For both the United Conservative Party and the New Democratic Party, fossil fuels continue to feature in Alberta’s fiscal future – albeit to varying degrees, and accompanied by a recognition from both parties that the energy economy must also diversify into alternative, lower-emitting fuels.

The UCP platform contains no new promises when it comes to the province’s most important sector. Instead, the party points to its actions while in government, including saving money by transferring Alberta’s crude-by-rail program to the private sector, developing a road map for a hydrogen economy, and appointing an advisory panel to come up with a long-term vision for the province’s energy future.

The NDP’s platform includes policies to expand the petrochemical sector, reduce energy project wait times and repeal the Sovereignty Act, introduced under UCP Leader Danielle Smith, who claimed it would allow the province to ignore some federal laws. The NDP argues that the act is anti-Canadian and repels investment in Alberta. The NDP, under leader Rachel Notley, also says it would not introduce a provincial retail carbon tax.

The UCP’s likely energy policy, should it form the next government, can be found in the Alberta Emissions Reduction and Energy Development Plan, released by Environment Minister Sonya Savage just days before the writs for the upcoming election were issued.

The plan charts a course for cutting emissions, attracting investment and providing reliable and secure energy, and says that oil and gas will continue to be a key part of the global energy mix in the coming decades.

It identifies numerous economic opportunities for the energy sector, such as hydrogen, bioenergy, uses for bitumen that go beyond burning it for fuel, and carbon capture, utilization and storage (CCUS).

The UCP has bet more than $1.8-billion on the CCUS sector since forming government in 2019. The technology captures emissions and buries them deep underground so they’re not released into the atmosphere. It’s key to how oil sands producers plan to reach their net-zero commitments by 2050.

The party wants to continue to build the CCUS sector to “decarbonize industries in every corner of the province,” including oil and gas, electricity and petrochemical production, Ms. Savage said at the plan’s launch last month.

The technology can also be used in hydrogen production – a sector that the UCP and NDP agree will play a important role in Alberta’s economic future.

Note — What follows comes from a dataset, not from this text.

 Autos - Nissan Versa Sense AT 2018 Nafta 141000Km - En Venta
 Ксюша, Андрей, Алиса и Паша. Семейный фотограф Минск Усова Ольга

Canada is one of the world’s top hydrogen producers, and the bulk of it is made in Alberta from natural gas. Light, storable and energy-dense, it produces no emissions of pollutants or greenhouse gases when used as a fuel. However, the current production method comes with a heavy environmental footprint. It’s mostly used in the refining and industrial sectors, but that’s expected to soon expand further into transportation, power generation and heating. The UCP and NDP both want to pivot to a cleaner version in which emissions are captured via CCUS, making the end product easier to sell on the world market.

The UCP would likely build off a hydrogen road map it released in 2021, which focuses on reducing investment risk and creating market demand. The NDP says it will study a potential hydrogen export pipeline, and develop hydrogen hubs and incentive programs.

Petrochemicals are also high on the energy agenda for both parties.

The UCP, for example, cites the Alberta Petrochemicals Incentive Program (APIP) it introduced in 2020, which has provided funding for projects by Inter Pipeline, Dow Chemical and Air Products.

APIP reconfigured a program introduced four years earlier by the NDP government, which provided royalty credits to encourage companies to build manufacturing facilities that turn Alberta’s fossil-fuel feedstocks into more valuable products such as plastics, fabrics and fertilizers. The UCP offered grants, rather than royalty credits, and broadened the program to encompass any new petrochemical facility. The NDP says it would expand the program if elected.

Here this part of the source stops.